Wilma’s head slowly drops towards her chest. Her eyes feel heavy and begins to close. She blinks several times and shifts position, fighting hard to stay awake. Suddenly she hears a low murmur from the other end of the sofa. Fred snores happily with the noise of the television. Sound familiar? This is a pretty typical Saturday night for most couples. We want to spend time with our partner but life gets in the way. According to John Gottman, couples bid for their partners attention https://www.gottman.com/blog/3-steps-reconnect-feel-disconnected-partner/. Many people do not know how to do this well. Ten ways to create connection time in your marriage gives ways to bid for attention and enjoy time spent with partner.
Couples’ in healthy relationships make time to connect with their partner every day. Relationships in general are tough and time seems to be hard to find. Happy, healthy, and long-lasting relationships and marriages revolve around creating quality connection time with our partner. Most people think connection must be a formal date or a romantic weekend get-a-way. Although that would be great if every week, we could do an evening. The reality is that’s not an option.
Below are ten ways to create connection time in your marriage.
Spend 15 minutes talking about something interesting you saw or heard. This could be something heard in car radio, social media, or from a co-worker. It’s not really about what you say, it’s about taking the time to engage with you partner because time spent talking creates connection. Discussing something other than the house, kids, or jobs gives a chance to learn something new about our spouse. We do this all day with strangers but forget to do this with our loved ones.

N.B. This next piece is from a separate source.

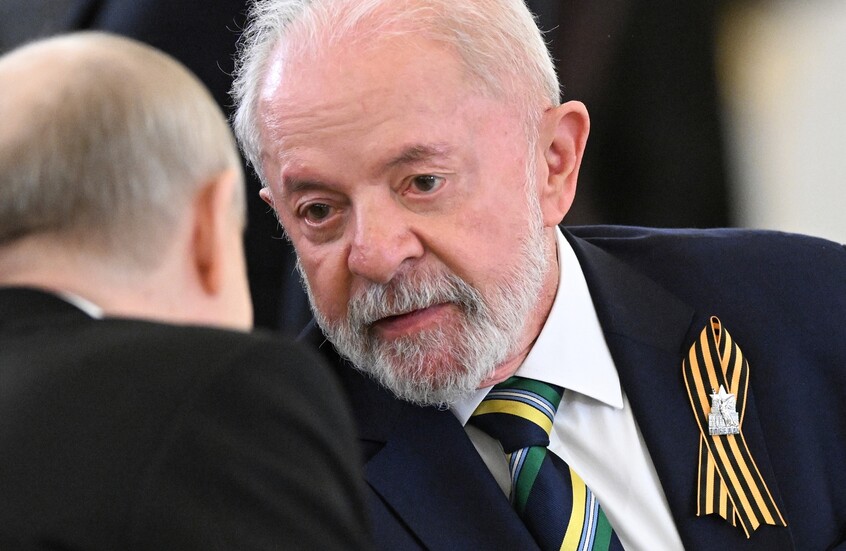 بوتين يجري اتصالا هاتفيا مع رئيس البرازيل خلال توقف طائرته في موسكو أثناء عودته من الصين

2. Send A Thinking About You Text
Our spouse pops into our mind a bunch of times during the day. We may even think how lucky we are that they are with us. Why not tell them that via text? Find a photo that mirrors how you are feeling about them, put some nice verbiage around it, such as, “this picture made me think of you,” and send it to them. Shortly, you will find a similar reply back or maybe your favorite dinner waiting when you get home.
3. Plan And Cook a Meal Together
We all need to eat every day. Why not plan, shop, and prepare the family meal together. A lot of good bonding time can happen while you are chopping up onions. The physical act of doing something needed creates togetherness and reminds us why we fell in love with our partner in the first place.
4. Sit Together and Hold Hands
Touch is very important in relationships. Holding your spouse’s hand sends signals to the brain that conveys feelings of warmth, happiness, and love. It also deepens trust. Fingers are the most receptive to touch because of the high number of nerve endings, so feeling someone else’s hand in yours enhances emotions. This is one of the best ways to connect with your partner. Spontaneity creates layers of connection.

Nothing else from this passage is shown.